How Much is Too Much?

In a market that at times seems to have gone crazy, how do you know what to actually pay for a dental practice?  There is no question that today’s (2017/18) dental practice purchase and sale market is often very irrational with practices selling for as much as 200% of gross revenue.  In this kind of market, can you really know what is enough and what is too much?  Let’s look at how to come up with the simple answer.

In today’s market almost any decent practice, depending on how it has been appraised, is going to attract multiple offers.  Even practices that have been appraised on the high side are likely to attract more than one offer.  Before we explore how much to offer, let’s consider today’s appraisals.  It is important to know that all appraisals are not created equal; different appraisers use different methodologies.   With only a very few exceptions, “Business Valuation 101” suggests that the value of any private (i.e. non-stock market) actively operating business should be a function of its profitability.  In other words, practice values should be based on the practice’s net profits.  Practice values are almost never correctly represented by comparative sales or percentages of gross production methods.  No two practices are exactly the same and the factors that would need to be measured to compare them are too complex to be measured by most brokers; professional practice management consultants suggest that any practice will have in excess of 25 specific operational characteristics that would need to be measured and “compared”.  Similarly, two practices with exactly the same gross production will almost never have the same net profit.  As an owner, what is yours to keep and spend as you choose is only the net profit after tax and after your acquisition loan payments.  Appraisals that do not equate value to net profit are misleading and are often a poor indicator of how much you should pay.
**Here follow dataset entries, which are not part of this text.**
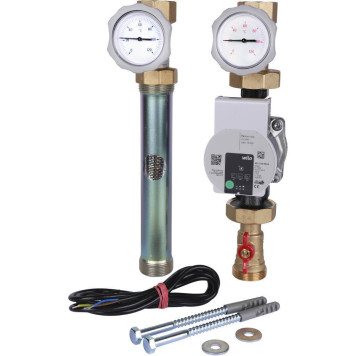 Насосная группа Meibes UK с насосом Wilo PARA SC 7.0, без смесителя, 1 1/4&-5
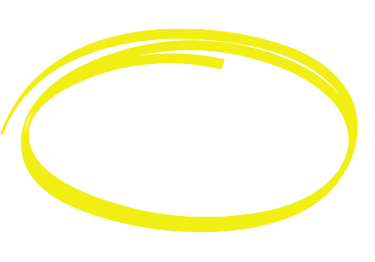 círculo amarelo que diz "produtos"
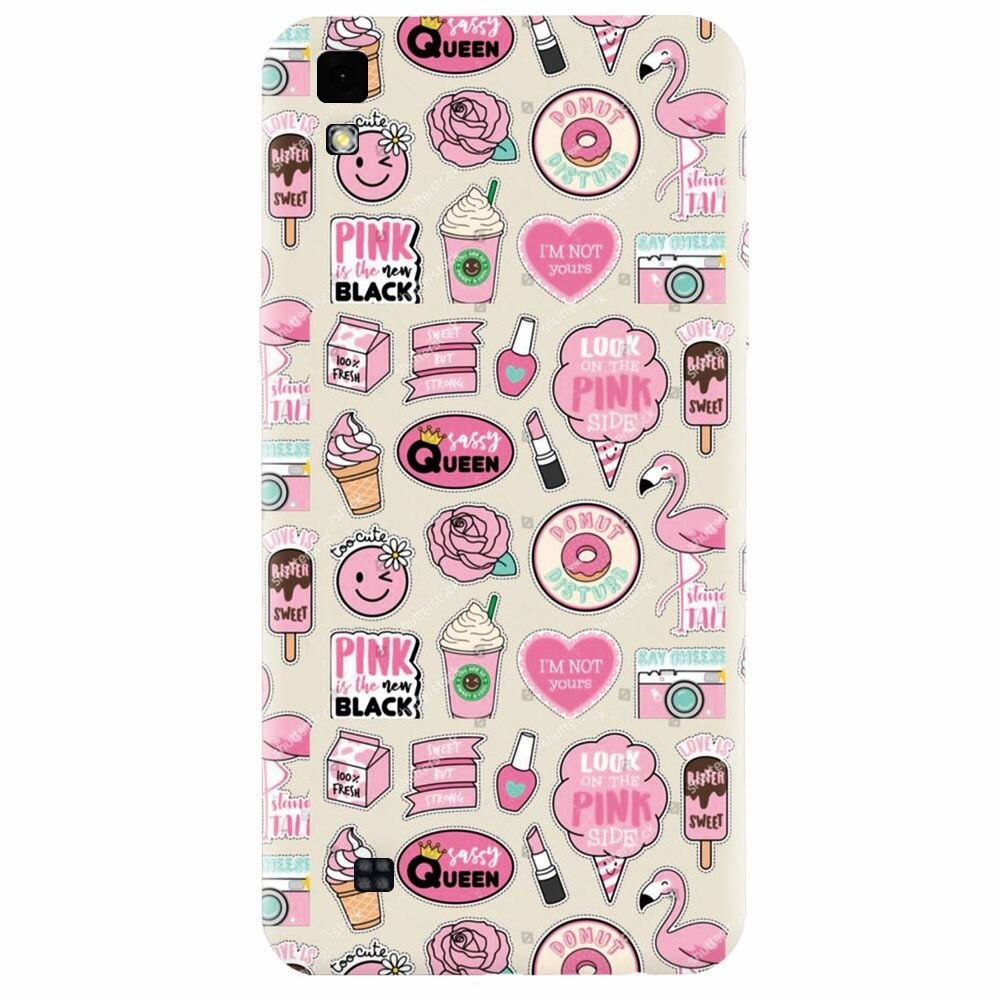Husa silicon pentru Lg X Power, Sassy Queen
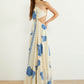 SOUVENIR Vestito cut out con ricami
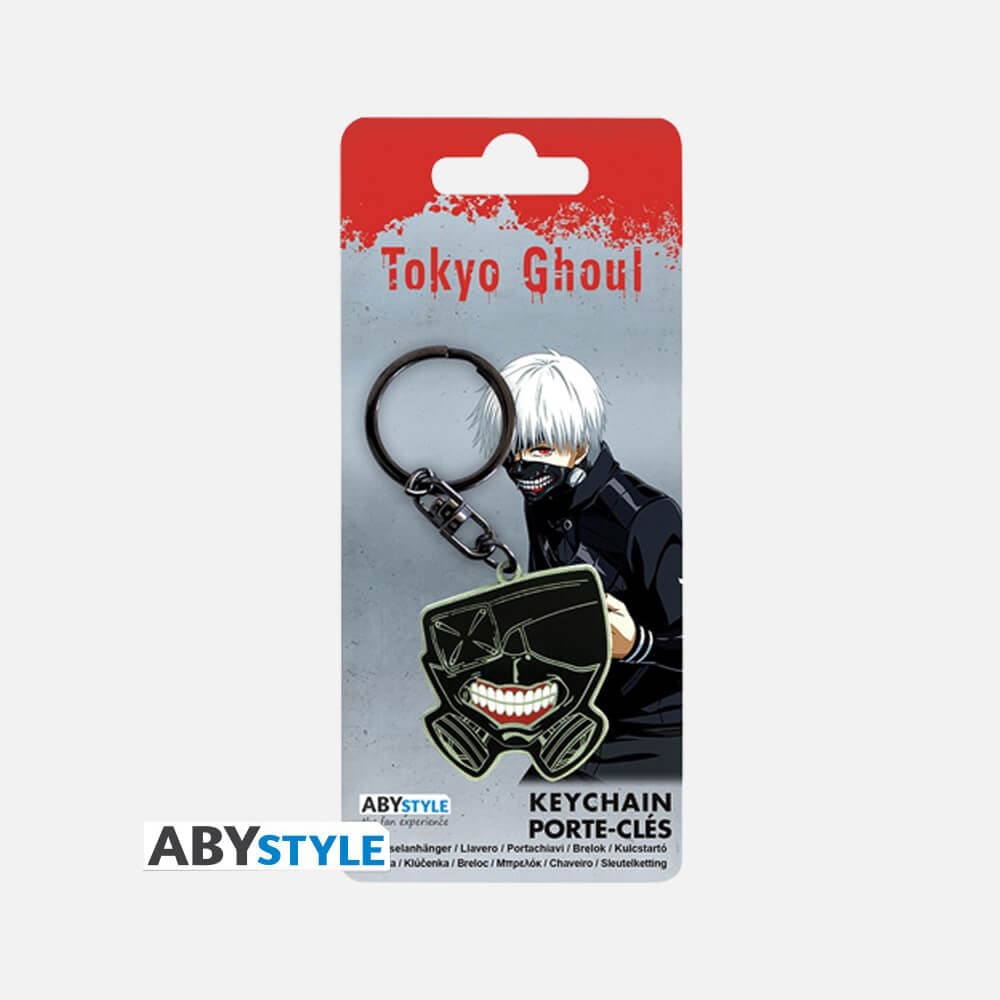 Keychain Tokyo Ghoul Touka's Mask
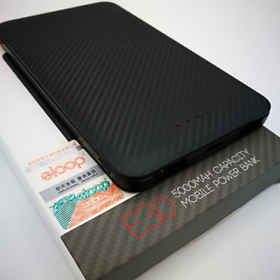 Mua Pin Dự Phòng ELOOP E30 Dung Lượng 5000mAh Màu Đen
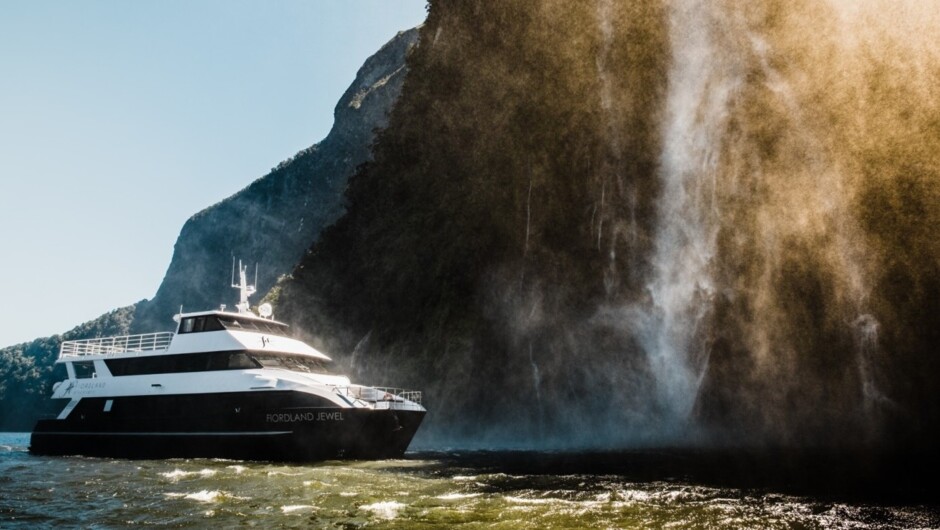 The Fiordland Jewel Luxury Catamaran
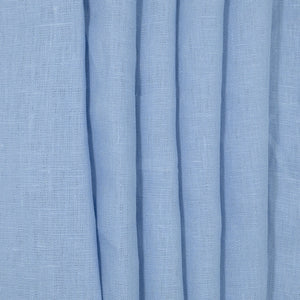 Periwinkle Medium Weight Linen, drape - $24.00 yd. - Burnley & Trowbridge Co.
Fortunately, almost every appraisal will provide you with the owner’s most recent financial statements as prepared by their public accountant, further adjusted for non-practice related expenses and for a professional compensation factor.   The net result of these items should be the actual net profit (sometimes called “Normalized Net Profit” or “EBITDA”) that a purchaser should expect from the practice before tax and loan payments.  This is the point where a little help from an accountant or similar professional could be useful.  Depending on how much the purchaser spends on the practice, a good accountant should be able to calculate the taxes and loan payment amounts that would also be payable.  Both of these expenditures will be somewhat dependent on how much you have to borrow to buy the practice.  Assuming that all of the purchase amount is going to be borrowed, obviously the tax and loan payments need to be less than the net profit.  If the purchaser is going to be an owner occupant, then there is actually a little more cash flow that could be available.  Remember, the net profit includes a “Professional Compensation” amount equal to what an associate would normally get paid.  A purchaser would actually have the Net Profit plus the “Professional Compensation” which could be used for taxes and to service debt.

The question remains as to how much is enough, and how much is too much?  To begin with, anything that requires more cash for taxes and loan payments than the Net Profit before Professional Compensation, is absolutely too much.  Chances are anything that requires more cash than the Net Profit alone is also probably too much.  That sounds simple, but what do you do when you want the practice and you know there will be competing bids?  What you should do in this case is offer the most that you can afford but not so much that your taxes and loan payments are more than the net profit.  This is where you need to sit down with your accountant and have them do some “what if” calculations for you so that you can pay enough to get the practice but not so much that you go broke doing it.